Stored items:
========================================

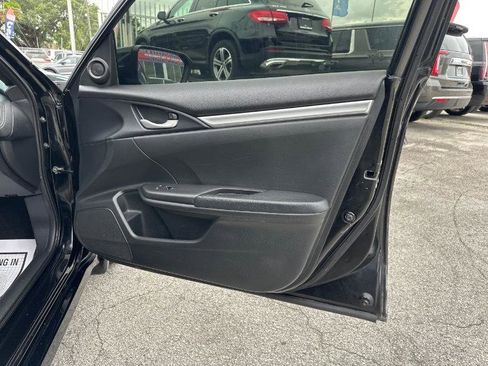 Used 2019 Honda Civic Sport image 16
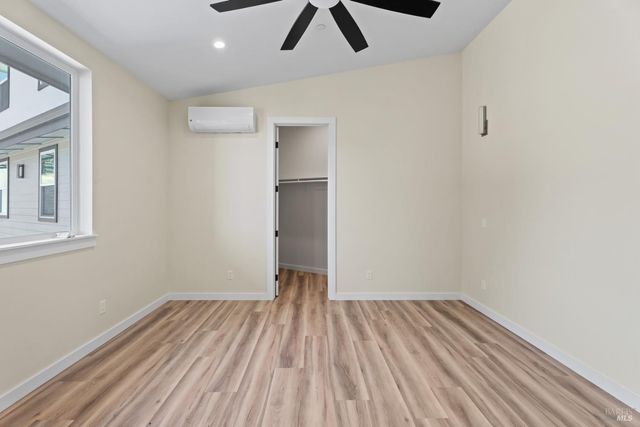 868 Sanel Dr, Ukiah, CA 95482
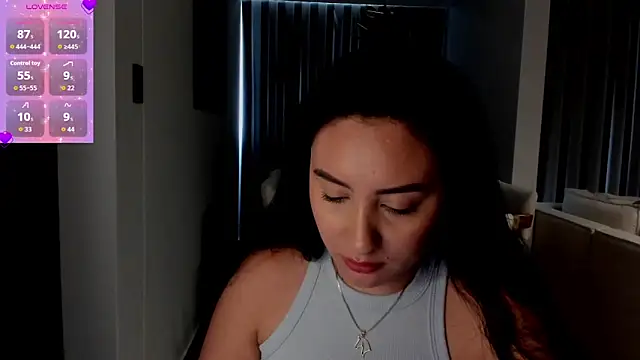 AnushaKumari live sex cam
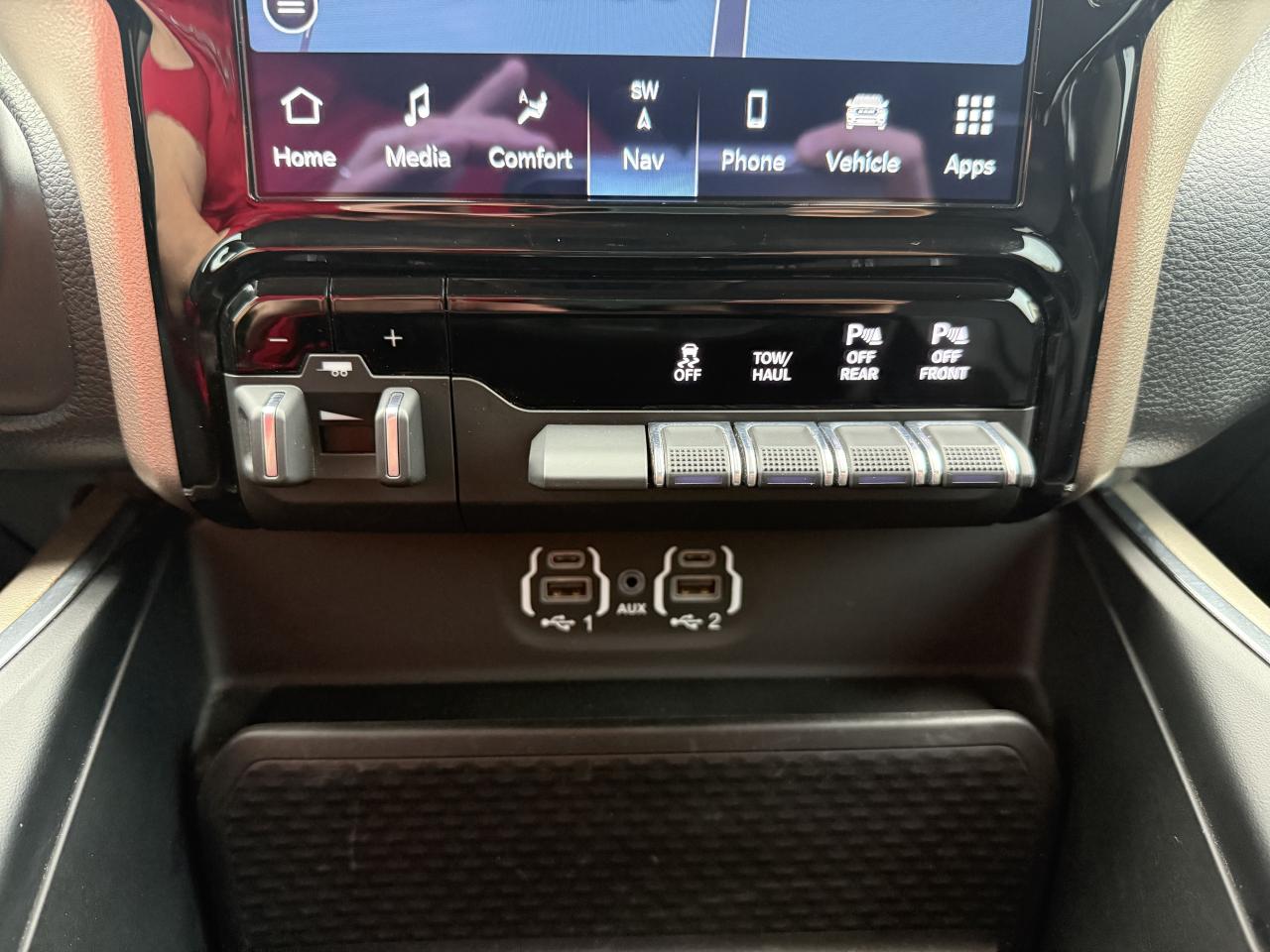 2022 RAM 1500 Laramie 4x4 Crew: Extended Warranty! - Go Low Zone Photo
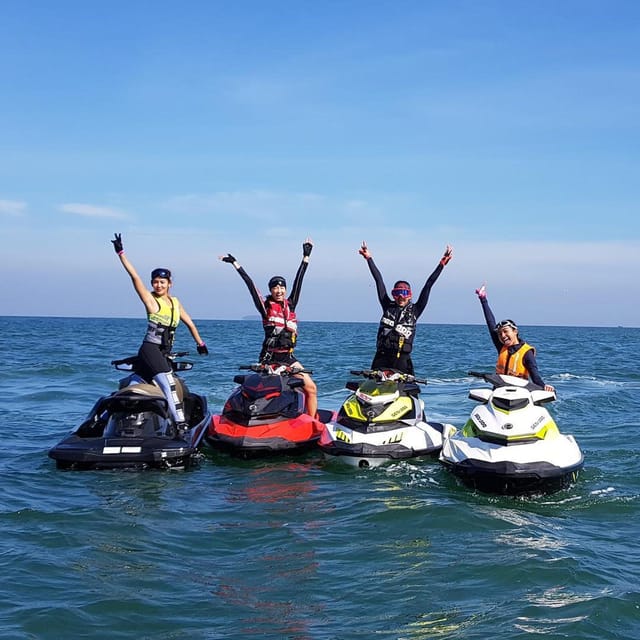 Malta: Jet Ski Rental - What happens before you reach the water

========================================

Give back each entry verbatim but drop its pictures.

 Used 2019 Honda Civic Sport image 16
 868 Sanel Dr, Ukiah, CA 95482
 AnushaKumari live sex cam
 2022 RAM 1500 Laramie 4x4 Crew: Extended Warranty! - Go Low Zone Photo
 Malta: Jet Ski Rental - What happens before you reach the water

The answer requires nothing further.